O tempo reverbera mudança, transformação nas mais diversas organizações sociais, traz à tona questões que outrora eram invisibilizadas por um sistema opressor e discriminatório. Um cenário que, hoje, é um campo de batalha no qual outras vozes ecoam e resistem. Nós, indígenas, por anos, fomos representados a partir de uma visão exótica que se estruturou em uma memória discursiva dominante, direcionando a produção de determinadas “verdades” que superiorizam certos sujeitos em detrimento de outros. Tantos estigmas foram cristalizados diante de uma percepção colonialistas, como: “o indígena é atrasado”; “indígenas são preguiçosos”, “índio não quer mais ser índio”. “Verdades” que são reproduzidas até os dias atuais e marcam de forma negativa a vida dos povos indígenas diante de uma sociedade plural, mas excludente.

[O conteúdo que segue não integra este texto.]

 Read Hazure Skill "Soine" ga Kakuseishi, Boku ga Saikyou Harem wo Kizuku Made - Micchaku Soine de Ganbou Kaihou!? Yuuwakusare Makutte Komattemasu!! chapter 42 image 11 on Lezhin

Em um processo de luta pela tomada de palavra e a legitimação dos lugares de fala pelos indígenas, estabeleceu-se nas organizações a necessidade de assumir diferentes espaços nas mais diversas instituições. Como a palavra é poder, ao assumir um lugar legítimo e por meio dele falar das próprias demandas e garantir nossos direitos, os/as indígenas puderam, de fato, apresentar para a sociedade não-indígena outras representações que fogem ao lugar comum de fala, assumido por um porta-voz que era autorizado a falar do/sobre os indígenas.
Diante de um longo processo de luta, assumimos paulatinamente nossos espaços, principalmente, quando falamos das mulheres indígenas. Assim, como comumente vemos na história das mulheres em toda sociedade, nada foge a esse mundo particular feminino quando falamos no processo de silenciamento e apagamento das mulheres indígenas, ora marcado por um patriarcalismo que não permitia o nosso protagonismo em diversas situações, tanto dentro quanto fora das comunidades indígenas. Situações que foram reconfiguradas no cenário social, dando espaço para novas representatividades. Dessa forma, em um contexto de disputa pelo poder, houve a ocupação de diferentes espaços pelas mulheres indígenas no processo de resistência.

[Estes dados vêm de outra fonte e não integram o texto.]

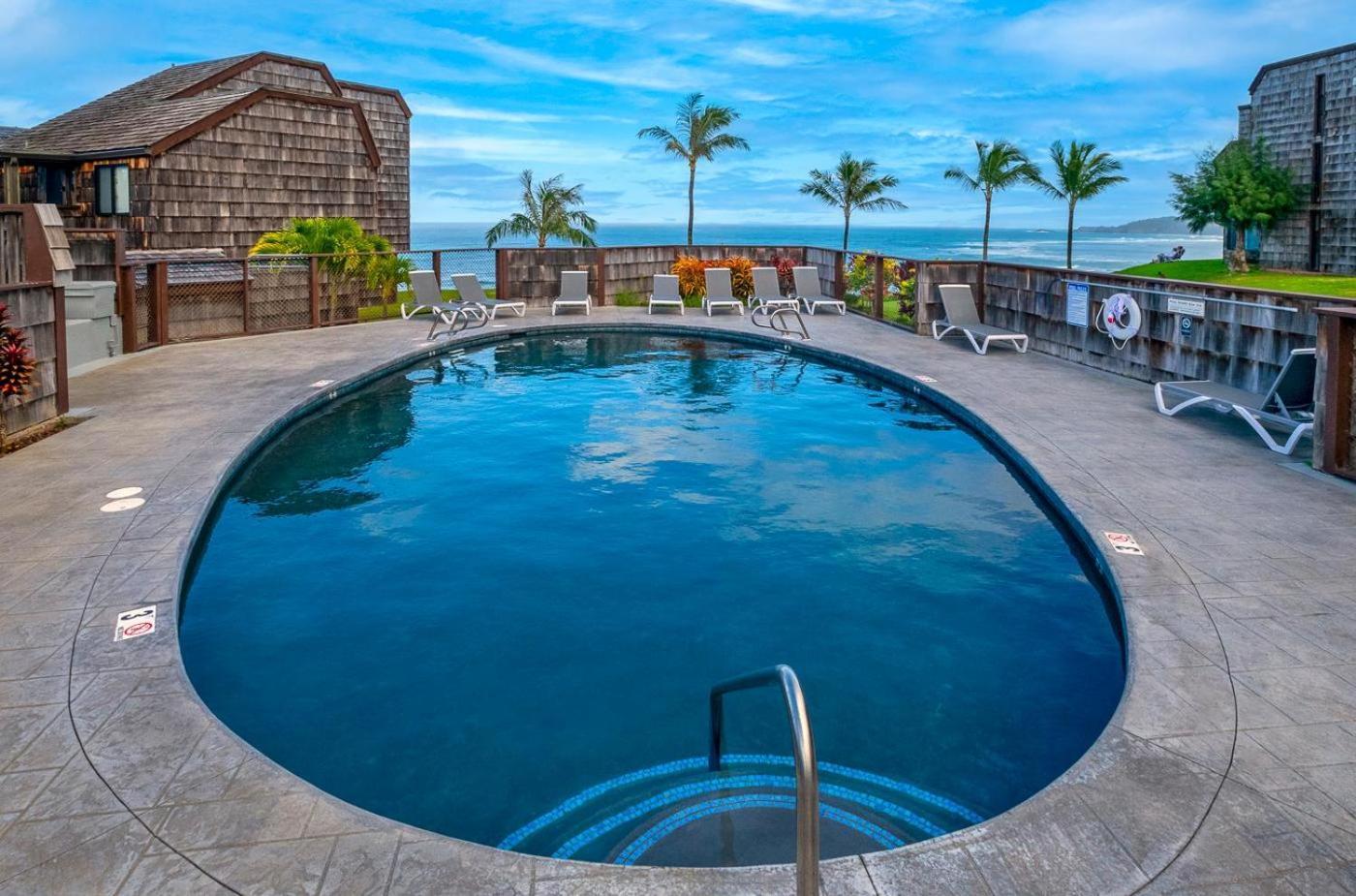 Sealodge E7 Princeville Extérieur photo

Ao rememorar os papéis assumidos por minhas antepassadas, percebo o quanto de força, coragem e sabedoria existiam em cada uma delas. O quanto suas ações cotidianas contribuíram para a construção do que conhecemos hoje, como processo de pertencimento e o protagonismo feminino indígena. Ao contrário de minha avó, que no alto de sua sabedoria se alfabetizou aos quase 60 anos, eu pude percorrer outros caminhos e com base neles fortalecer ainda mais o processo de legitimidade das nossas vozes, as vozes indígenas femininas.
Nenhum processo de transformação social é fácil, romper estigmas é travar uma luta contra a própria história que enraizou na sociedade as suas “verdades”, é seguir o fluxo tenebroso dos rios com suas mais diversas intempéries e não esmorecer, é continuar remando por mais fortes que sejam os banzeiros das águas, é lembrar que enfrentar o caminho do preconceito é tão cansativo quanto o caminho da roça que percorremos para conseguir o nosso alimento diário, é compreender que mais forte do que o ato de nos silenciar é o nosso desejo de falar da nossa cultura, daquilo que nos constitui.

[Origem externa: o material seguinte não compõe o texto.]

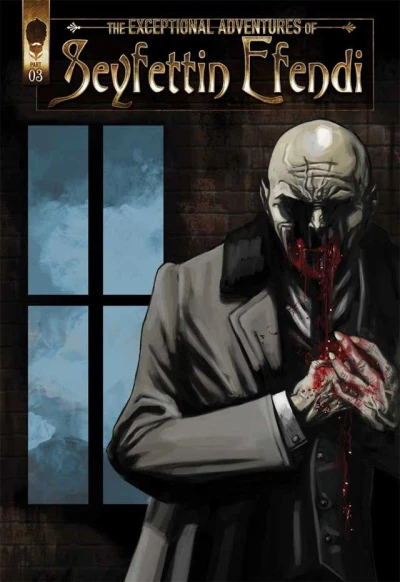 Cover of A Demon Inbetween the Seven Hills Part 3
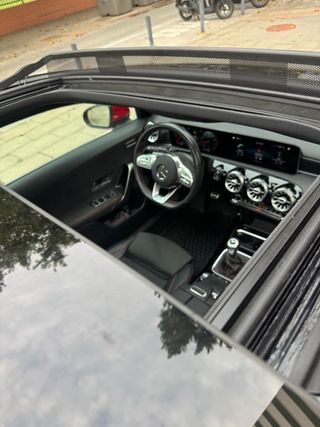 Mercedes-Benz Clase A 2018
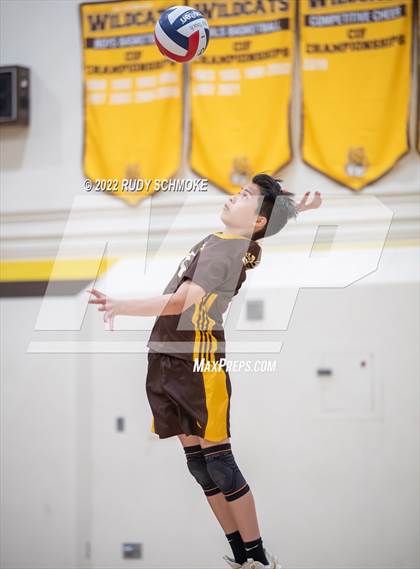 Thumbnail 1 in El Camino vs. Santa Fe Christian (CIF SDS Division II Playoffs) photogallery.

Assumir o meu espaço, ver familiares, amigos e tantos outros parentes ocupando lugares, apontando problemas, garantindo direitos, assumindo cargos e falando sobre tantas demandas indígenas, é um ganho para cada um de nós que já teve que lidar com a xenofobia, com a estigmatização dos nossos corpos, com a falta de conhecimento sobre a nossa cultura, os estereótipos que determinam quem somos e com o processo de apagamento da nossa existência. Mas, NÓS SOMOS RESISTÊNCIA e EXISTÊNCIA. Enquanto estivermos nas universidades, nas escolas, nos hospitais e em outras instituições, continuaremos existindo e resistindo, por isso, precisamos continuar, precisamos perseverar e motivar outras vozes a se juntarem a nós.
Como diria Michel Foucault, “o problema não é mudar a consciência das pessoas, ou o que elas têm na cabeça, mas o regime político, econômico, institucional, de produção da verdade”. Vamos continuar ocupando nossos espaços, pois NÓS SOMOS RESPONSÁVEIS PELA MUDANÇA, precisamos romper com a mera reprodução de estereótipos sobre os/as indígenas e garantir que as futuras gerações vivam, de fato, em uma sociedade plural.